**Aim of the task**
Scan the records beneath this line for the line holding "Meet your Posher, Dayna" and the line holding "image for item", then transcribe exactly those two and all lines between.

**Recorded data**
== Segment start ==

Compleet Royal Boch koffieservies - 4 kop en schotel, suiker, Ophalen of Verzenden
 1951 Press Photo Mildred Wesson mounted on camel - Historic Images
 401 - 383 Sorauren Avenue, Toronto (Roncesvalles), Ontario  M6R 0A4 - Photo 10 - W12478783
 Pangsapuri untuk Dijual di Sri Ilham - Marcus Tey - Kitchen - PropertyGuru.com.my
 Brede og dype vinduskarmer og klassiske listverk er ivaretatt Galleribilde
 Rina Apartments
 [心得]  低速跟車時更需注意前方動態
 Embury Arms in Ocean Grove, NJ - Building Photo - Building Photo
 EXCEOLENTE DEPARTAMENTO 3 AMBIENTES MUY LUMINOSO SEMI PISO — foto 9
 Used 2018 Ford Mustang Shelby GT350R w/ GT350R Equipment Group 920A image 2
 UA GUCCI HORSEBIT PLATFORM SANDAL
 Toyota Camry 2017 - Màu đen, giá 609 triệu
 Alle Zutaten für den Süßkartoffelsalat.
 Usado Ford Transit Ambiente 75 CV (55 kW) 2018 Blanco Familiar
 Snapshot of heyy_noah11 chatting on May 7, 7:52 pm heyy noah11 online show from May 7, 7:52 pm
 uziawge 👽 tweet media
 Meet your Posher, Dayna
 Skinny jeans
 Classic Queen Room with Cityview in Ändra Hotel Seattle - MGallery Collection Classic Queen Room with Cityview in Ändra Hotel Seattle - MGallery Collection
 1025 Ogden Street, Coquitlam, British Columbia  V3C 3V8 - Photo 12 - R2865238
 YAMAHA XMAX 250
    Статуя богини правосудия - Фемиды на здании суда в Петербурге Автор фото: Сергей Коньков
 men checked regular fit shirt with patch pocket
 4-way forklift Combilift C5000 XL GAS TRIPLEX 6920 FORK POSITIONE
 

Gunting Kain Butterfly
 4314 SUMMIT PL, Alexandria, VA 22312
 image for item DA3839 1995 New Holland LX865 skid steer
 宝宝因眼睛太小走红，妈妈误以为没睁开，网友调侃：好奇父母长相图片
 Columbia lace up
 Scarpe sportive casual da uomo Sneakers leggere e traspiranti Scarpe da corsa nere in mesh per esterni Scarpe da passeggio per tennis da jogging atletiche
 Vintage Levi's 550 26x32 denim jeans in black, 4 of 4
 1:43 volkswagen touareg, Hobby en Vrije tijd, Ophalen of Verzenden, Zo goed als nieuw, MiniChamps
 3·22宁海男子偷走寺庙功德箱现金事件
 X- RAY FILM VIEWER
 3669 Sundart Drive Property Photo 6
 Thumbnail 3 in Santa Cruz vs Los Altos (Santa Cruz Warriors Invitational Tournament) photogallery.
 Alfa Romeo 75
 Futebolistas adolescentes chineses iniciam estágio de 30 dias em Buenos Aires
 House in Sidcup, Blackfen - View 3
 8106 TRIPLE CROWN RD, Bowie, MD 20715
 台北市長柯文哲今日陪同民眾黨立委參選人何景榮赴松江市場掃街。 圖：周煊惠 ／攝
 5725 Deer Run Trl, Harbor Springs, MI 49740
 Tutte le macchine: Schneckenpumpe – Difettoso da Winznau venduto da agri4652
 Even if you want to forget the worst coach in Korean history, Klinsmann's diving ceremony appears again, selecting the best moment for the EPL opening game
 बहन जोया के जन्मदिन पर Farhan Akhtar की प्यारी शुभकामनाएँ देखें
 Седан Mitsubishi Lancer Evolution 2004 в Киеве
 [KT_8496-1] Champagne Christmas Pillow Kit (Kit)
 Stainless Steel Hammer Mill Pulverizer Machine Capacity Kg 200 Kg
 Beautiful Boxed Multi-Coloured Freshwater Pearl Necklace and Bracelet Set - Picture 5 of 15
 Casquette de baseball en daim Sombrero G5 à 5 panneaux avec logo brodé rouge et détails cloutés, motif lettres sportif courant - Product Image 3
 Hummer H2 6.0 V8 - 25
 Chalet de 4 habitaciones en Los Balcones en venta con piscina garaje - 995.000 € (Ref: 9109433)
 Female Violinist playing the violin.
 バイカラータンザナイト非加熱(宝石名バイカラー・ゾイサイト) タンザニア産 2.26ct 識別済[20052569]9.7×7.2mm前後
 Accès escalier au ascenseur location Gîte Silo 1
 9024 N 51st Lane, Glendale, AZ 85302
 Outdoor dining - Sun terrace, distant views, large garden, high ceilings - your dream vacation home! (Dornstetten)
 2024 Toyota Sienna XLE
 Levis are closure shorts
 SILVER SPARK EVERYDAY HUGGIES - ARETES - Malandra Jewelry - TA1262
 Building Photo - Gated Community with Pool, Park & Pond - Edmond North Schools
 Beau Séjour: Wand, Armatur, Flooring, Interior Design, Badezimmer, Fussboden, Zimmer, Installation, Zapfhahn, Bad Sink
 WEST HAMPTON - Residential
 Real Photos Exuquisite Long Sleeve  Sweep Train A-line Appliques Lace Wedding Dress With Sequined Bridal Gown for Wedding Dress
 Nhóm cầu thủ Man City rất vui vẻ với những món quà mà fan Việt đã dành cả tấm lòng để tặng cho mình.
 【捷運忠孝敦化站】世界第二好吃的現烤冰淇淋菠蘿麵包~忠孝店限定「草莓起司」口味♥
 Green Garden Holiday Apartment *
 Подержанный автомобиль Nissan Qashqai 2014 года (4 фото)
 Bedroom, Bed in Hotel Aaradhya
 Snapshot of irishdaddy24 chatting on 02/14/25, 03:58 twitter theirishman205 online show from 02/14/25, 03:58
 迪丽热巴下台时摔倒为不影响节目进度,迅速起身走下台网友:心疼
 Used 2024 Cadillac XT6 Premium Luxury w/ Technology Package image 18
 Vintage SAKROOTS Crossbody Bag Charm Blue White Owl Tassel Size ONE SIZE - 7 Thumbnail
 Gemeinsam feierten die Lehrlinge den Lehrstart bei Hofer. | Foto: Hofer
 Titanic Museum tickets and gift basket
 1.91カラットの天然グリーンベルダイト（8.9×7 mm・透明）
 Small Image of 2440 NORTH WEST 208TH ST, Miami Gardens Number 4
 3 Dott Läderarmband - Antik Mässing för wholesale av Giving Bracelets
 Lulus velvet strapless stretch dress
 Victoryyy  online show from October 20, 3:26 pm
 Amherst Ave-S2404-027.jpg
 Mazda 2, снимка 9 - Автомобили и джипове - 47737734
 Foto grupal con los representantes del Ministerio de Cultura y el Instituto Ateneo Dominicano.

== Segment end ==

**Written reply**
 Meet your Posher, Dayna
 Skinny jeans
 Classic Queen Room with Cityview in Ändra Hotel Seattle - MGallery Collection Classic Queen Room with Cityview in Ändra Hotel Seattle - MGallery Collection
 1025 Ogden Street, Coquitlam, British Columbia  V3C 3V8 - Photo 12 - R2865238
 YAMAHA XMAX 250
    Статуя богини правосудия - Фемиды на здании суда в Петербурге Автор фото: Сергей Коньков
 men checked regular fit shirt with patch pocket
 4-way forklift Combilift C5000 XL GAS TRIPLEX 6920 FORK POSITIONE
 

Gunting Kain Butterfly
 4314 SUMMIT PL, Alexandria, VA 22312
 image for item DA3839 1995 New Holland LX865 skid steer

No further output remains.